**Dataset content**.
+===+
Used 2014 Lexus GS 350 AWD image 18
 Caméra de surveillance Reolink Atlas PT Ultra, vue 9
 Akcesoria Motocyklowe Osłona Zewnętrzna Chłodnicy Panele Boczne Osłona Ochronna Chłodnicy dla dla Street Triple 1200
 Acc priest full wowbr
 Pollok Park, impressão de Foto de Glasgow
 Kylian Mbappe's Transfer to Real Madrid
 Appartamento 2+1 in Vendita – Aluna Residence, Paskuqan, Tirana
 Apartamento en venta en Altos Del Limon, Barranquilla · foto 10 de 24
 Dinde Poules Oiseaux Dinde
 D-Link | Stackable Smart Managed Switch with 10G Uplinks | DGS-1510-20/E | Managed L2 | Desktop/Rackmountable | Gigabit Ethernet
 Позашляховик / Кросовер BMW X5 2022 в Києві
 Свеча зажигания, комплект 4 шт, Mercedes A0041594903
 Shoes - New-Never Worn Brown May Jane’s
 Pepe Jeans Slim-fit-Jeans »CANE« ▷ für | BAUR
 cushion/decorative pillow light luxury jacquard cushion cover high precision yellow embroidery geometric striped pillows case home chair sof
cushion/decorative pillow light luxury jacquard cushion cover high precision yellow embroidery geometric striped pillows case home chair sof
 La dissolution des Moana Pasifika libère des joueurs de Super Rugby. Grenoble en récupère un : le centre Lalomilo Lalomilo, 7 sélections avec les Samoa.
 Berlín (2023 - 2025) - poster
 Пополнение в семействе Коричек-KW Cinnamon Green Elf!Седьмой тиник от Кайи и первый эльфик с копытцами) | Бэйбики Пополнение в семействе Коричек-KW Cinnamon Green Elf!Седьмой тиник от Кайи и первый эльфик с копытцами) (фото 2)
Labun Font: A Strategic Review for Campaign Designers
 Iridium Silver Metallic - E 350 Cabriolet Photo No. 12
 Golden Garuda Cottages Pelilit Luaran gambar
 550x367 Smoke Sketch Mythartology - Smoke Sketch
+===+
**Exercise prompt**. Begin with the line above that has "Acc priest full wowbr" and continue through the line that has "Labun Font: A", setting each one down exactly. Stop there.

**Exercise response**.
 Acc priest full wowbr
 Pollok Park, impressão de Foto de Glasgow
 Kylian Mbappe's Transfer to Real Madrid
 Appartamento 2+1 in Vendita – Aluna Residence, Paskuqan, Tirana
 Apartamento en venta en Altos Del Limon, Barranquilla · foto 10 de 24
 Dinde Poules Oiseaux Dinde
 D-Link | Stackable Smart Managed Switch with 10G Uplinks | DGS-1510-20/E | Managed L2 | Desktop/Rackmountable | Gigabit Ethernet
 Позашляховик / Кросовер BMW X5 2022 в Києві
 Свеча зажигания, комплект 4 шт, Mercedes A0041594903
 Shoes - New-Never Worn Brown May Jane’s
 Pepe Jeans Slim-fit-Jeans »CANE« ▷ für | BAUR
 cushion/decorative pillow light luxury jacquard cushion cover high precision yellow embroidery geometric striped pillows case home chair sof
cushion/decorative pillow light luxury jacquard cushion cover high precision yellow embroidery geometric striped pillows case home chair sof
 La dissolution des Moana Pasifika libère des joueurs de Super Rugby. Grenoble en récupère un : le centre Lalomilo Lalomilo, 7 sélections avec les Samoa.
 Berlín (2023 - 2025) - poster
 Пополнение в семействе Коричек-KW Cinnamon Green Elf!Седьмой тиник от Кайи и первый эльфик с копытцами) | Бэйбики Пополнение в семействе Коричек-KW Cinnamon Green Elf!Седьмой тиник от Кайи и первый эльфик с копытцами) (фото 2)
Labun Font: A Strategic Review for Campaign Designers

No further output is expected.